Besides, she argues that the election is about much more than Brexit. 

And she’s not wrong. The election has coincided with a genuine crisis in the North’s healthcare system – workers are currently fighting for pay parity with the rest of the UK and increased staffing levels.  

A major healthcare strike is expected next week and the crisis has dominated media coverage here in recent weeks. Staff across a vast array of NHS services are expected to take to picket lines across the North next Wednesday. 

“On the doors, it hasn’t just been a Brexit election. Brexit of course comes up, it comes up in certain areas more than others. But ultimately, what comes up the most is health and no Northern Ireland Assembly,” says Little Pengelly. 

She says she has been trying to assure people that the DUP wants the Assembly, which collapsed nearly three years ago, to return.

“We didn’t collapse the Assembly, we have been willing to go back immediately. We are not for asking for anything to go back,” she says. 

SDLP

A short journey away in a middle-class suburb of Carryduff, which is home to voters with a wider array of party allegiances, Claire Hanna is hearing the same concerns. On one doorstep, a woman bemoans the state of the healthcare system in the North and the length of the waiting lists. 

She also asks why the Executive still hasn’t returned. 

It would have been better if it never collapsed, sighs Hanna. But she says there are signs that the North’s parties might be willing to get around a table again. 

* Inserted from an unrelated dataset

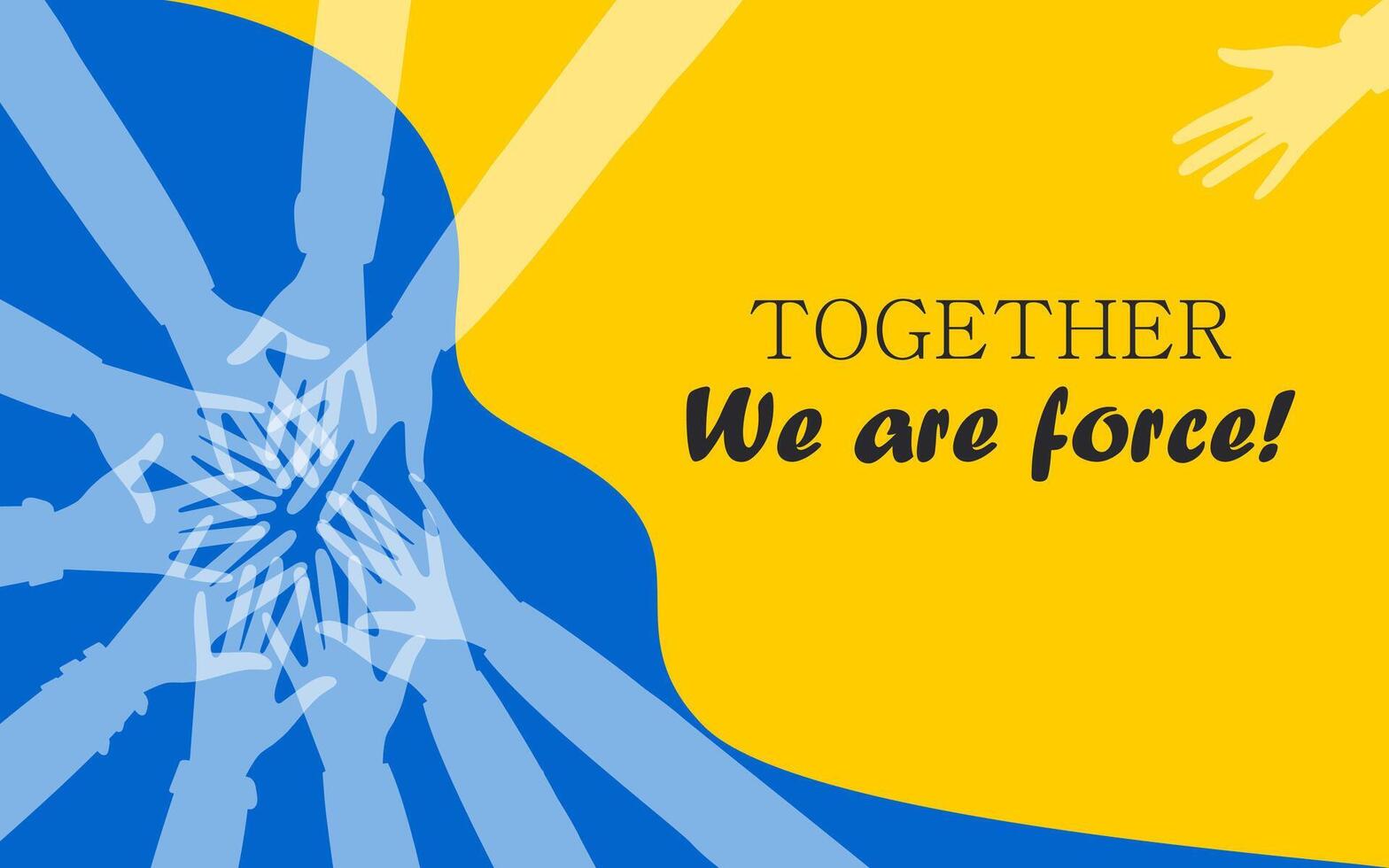Together we are force. The hands of people of multiethnic and other communities are fighting for peace and equality. vector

Hanna, an MLA for the area, says she has been hearing similar concerns for weeks. The SDLP candidate and her team of 120 campaigners have been stressing that she is a local, a Remainer and an expert on Brexit. 

However, it was only in February that her future seemed uncertain after she opposed the SDLP’s partnership with Fianna Fáil. 

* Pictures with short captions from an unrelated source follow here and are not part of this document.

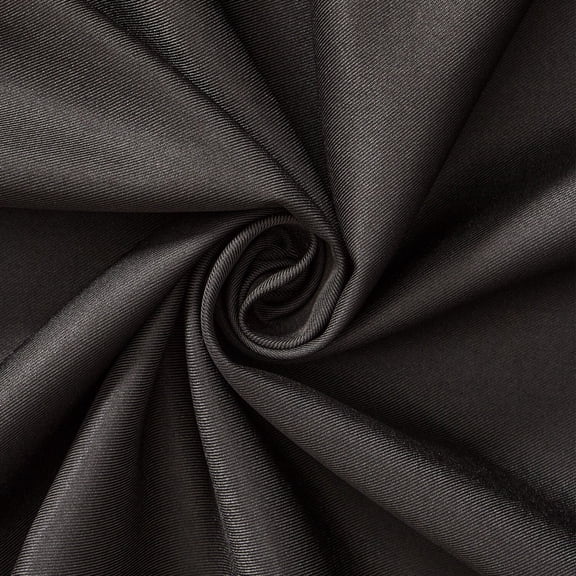 Poly Twill Fabric 58/60 Inch 170 GSM Polyester By The Yard For Sewing Apparel, Crafts, & Décor - Black (5 Yards)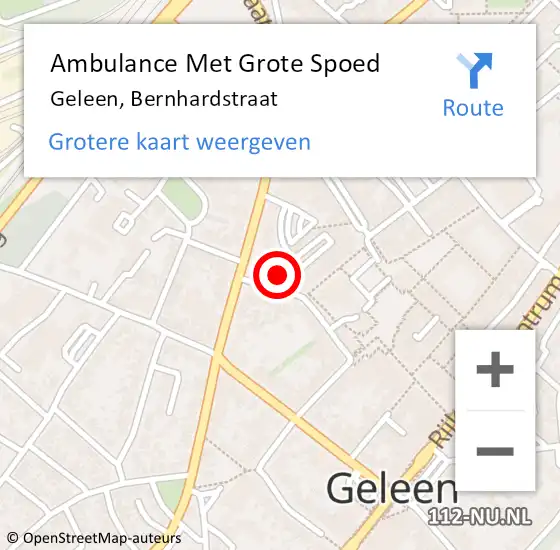 Locatie op kaart van de 112 melding: Ambulance Met Grote Spoed Naar Geleen, Bernhardstraat op 2 september 2014 14:13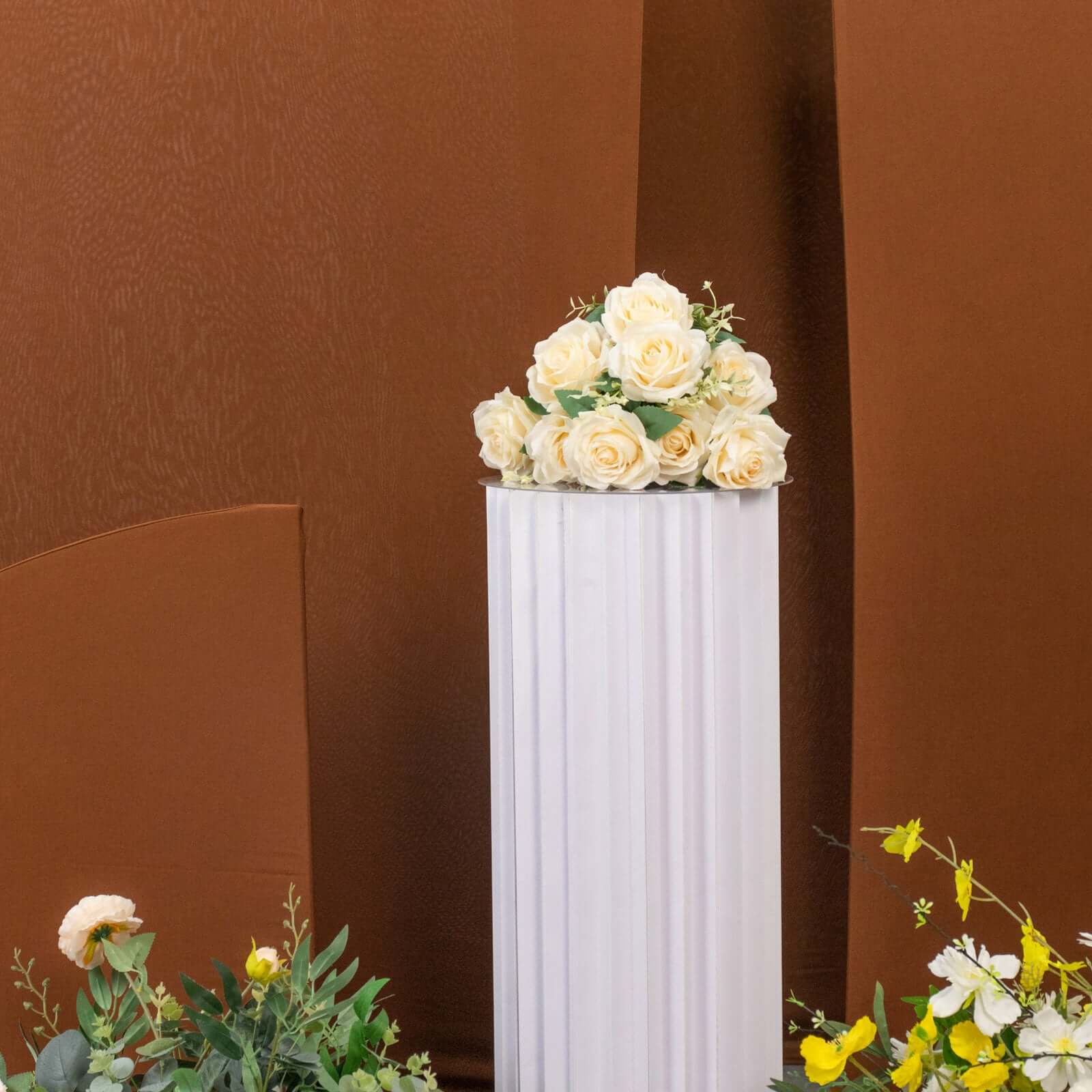 Set of 4 Custom-Fitted Matte Cinnamon Brown Spandex Half Moon Wedding Arch Backdrop Covers in 4 Sizes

“I remember saying about three weeks ago, ‘God, I wish the election was today, I would definitely have won’, because there was a real motivation and enthusiasm. And then it has just inevitably dragged on a little bit and it’s Christmassy and people have shit to do,” she says. 

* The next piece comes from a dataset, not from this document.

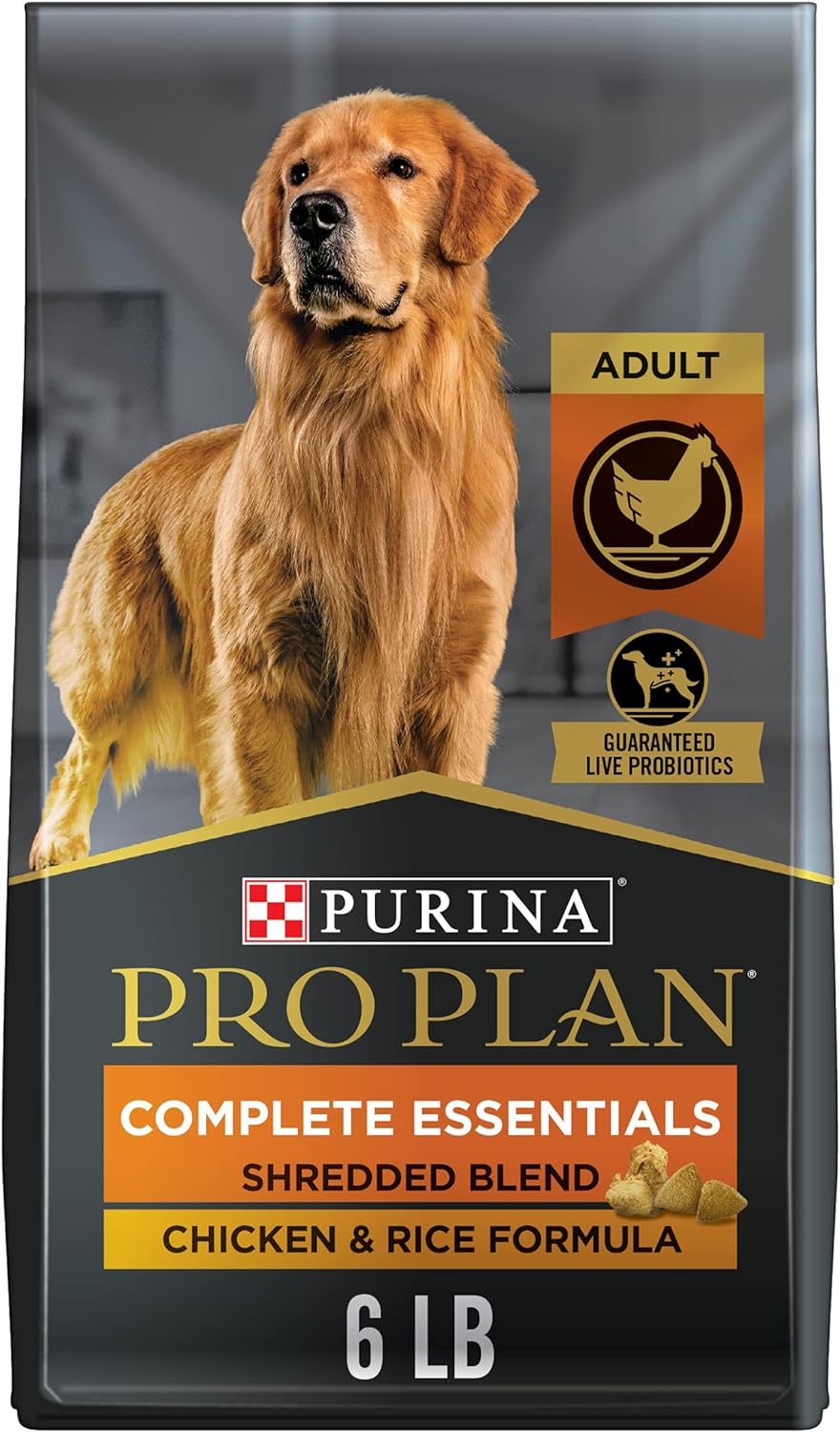 Purina Pro Plan Adult Complete Essentials dog food in chicken and rice formula, 6 lb bag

Still, she is quietly confident ahead of tomorrow’s vote. 

“We have done everything we can. I’m not into sporting analogies, but we have done everything we can, we have left nothing behind,” she says. 

Hanna is seen as something of the favourite. Sinn Féin polled over 7,000 votes in 2017 and if the party’s supporters back her, she has a strong chance of winning. 

However, Hanna disagrees that the Sinn Féin backing was a pivotal moment. Instead, she sees the Green Party’s blessing as the one that could help swing the election. 

“That really substantially contributed to it being a post-sectarian campaign and took it outside of what could have been perceived as a nationalist thing, because I think the Greens are well respected for being beyond that,” she says. 

We’re knocking on every door this time, because we need people coming from Alliance, Green, Sinn Féin, Ulster Unionist and non-voters. And we’re finding it.

It’s not the only backing she’s got. Fianna Fáil, Fine Gael and Labour have all fallen over themselves to help Hanna’s campaign, with even a bus load of Young Fine Gaelers joining her on the campaign trail. 

Today, her campaign team is somewhat older – no one on the team today was under 50. But Hanna says that hasn’t been the trend throughout the campaign, which has attracted a lot of twenty- and thirty- somethings who are beginning to be discontented with the state of the public services in the North. 

Her last piece of campaign literature – which prompted coos and chuckles from canvassers today – asks voters if they want a “scared future” – underscored by photos of Little Pengelly, Johnson and Ian Paisely Jnr – or a “shared future”. 

Dramatic campaign literature aside, the party has been making pains to stress it’s taking a positive approach to the campaign. However, that doesn’t stop it hoping that disaffection will deliver votes tomorrow. 

“I think the support is there. It’s just the extent we can turn it out,” she says.